**INSTRUCTIONS FOR THE TASK**
Of all the lines below, output only those starting at the one with "Mistral130 Apartment Bari Bagian luar foto" and ending at the one with "جلسے میں بڑی", both ends included, exactly as written.

**AVAILABLE DATA**
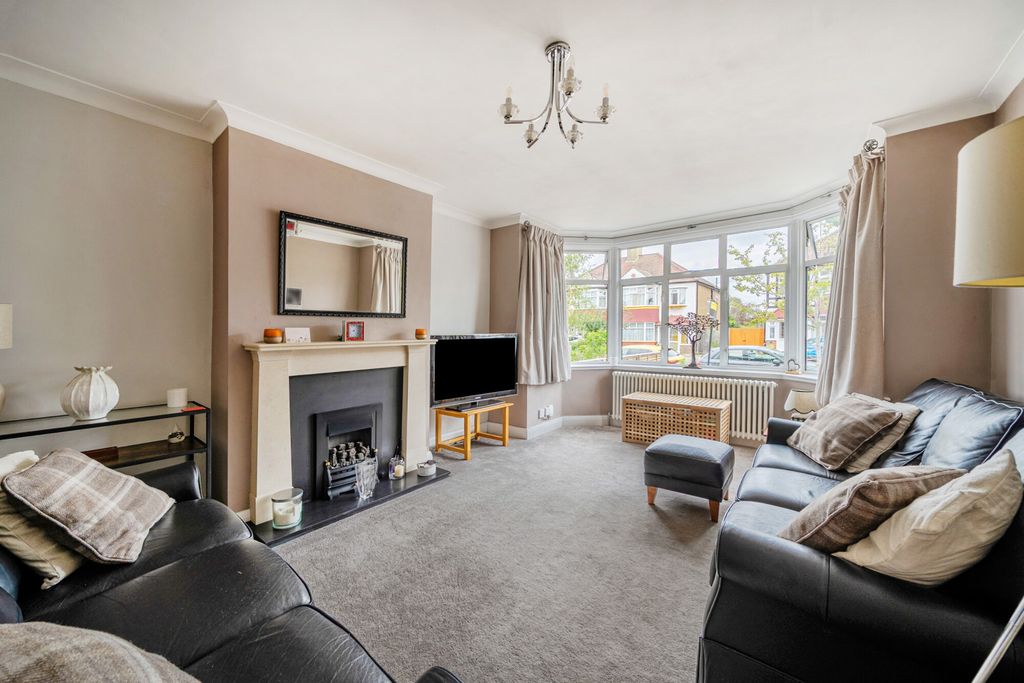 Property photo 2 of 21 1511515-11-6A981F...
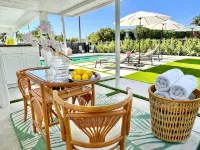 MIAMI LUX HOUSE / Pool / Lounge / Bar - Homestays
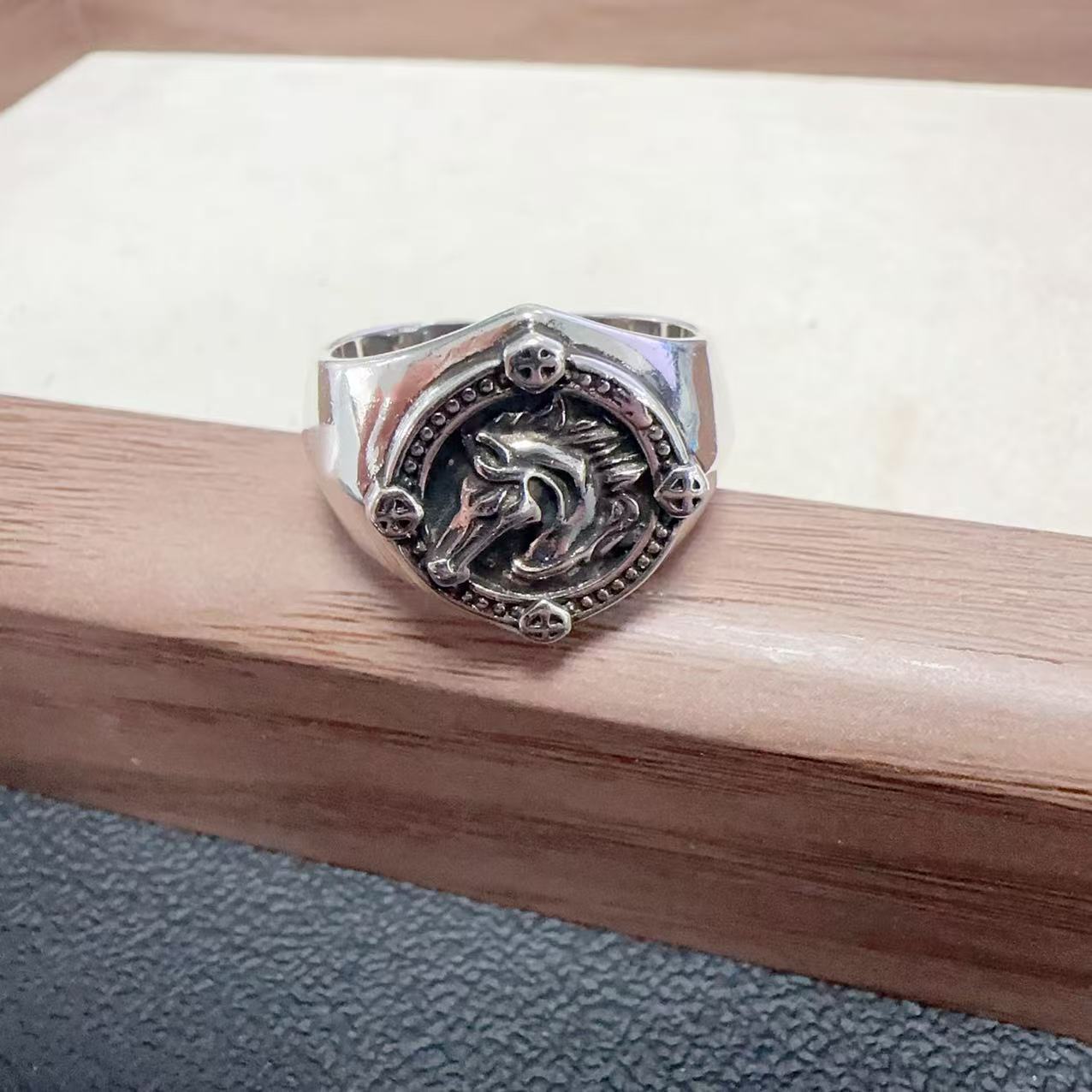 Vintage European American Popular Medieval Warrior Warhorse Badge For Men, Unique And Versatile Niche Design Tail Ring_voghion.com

* * *

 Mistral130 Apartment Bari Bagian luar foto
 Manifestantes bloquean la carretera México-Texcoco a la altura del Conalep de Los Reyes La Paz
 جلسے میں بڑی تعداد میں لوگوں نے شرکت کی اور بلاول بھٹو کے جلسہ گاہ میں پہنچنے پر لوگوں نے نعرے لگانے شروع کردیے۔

**REPLY TO THE EXERCISE**
 Mistral130 Apartment Bari Bagian luar foto
 Manifestantes bloquean la carretera México-Texcoco a la altura del Conalep de Los Reyes La Paz
 جلسے میں بڑی تعداد میں لوگوں نے شرکت کی اور بلاول بھٹو کے جلسہ گاہ میں پہنچنے پر لوگوں نے نعرے لگانے شروع کردیے۔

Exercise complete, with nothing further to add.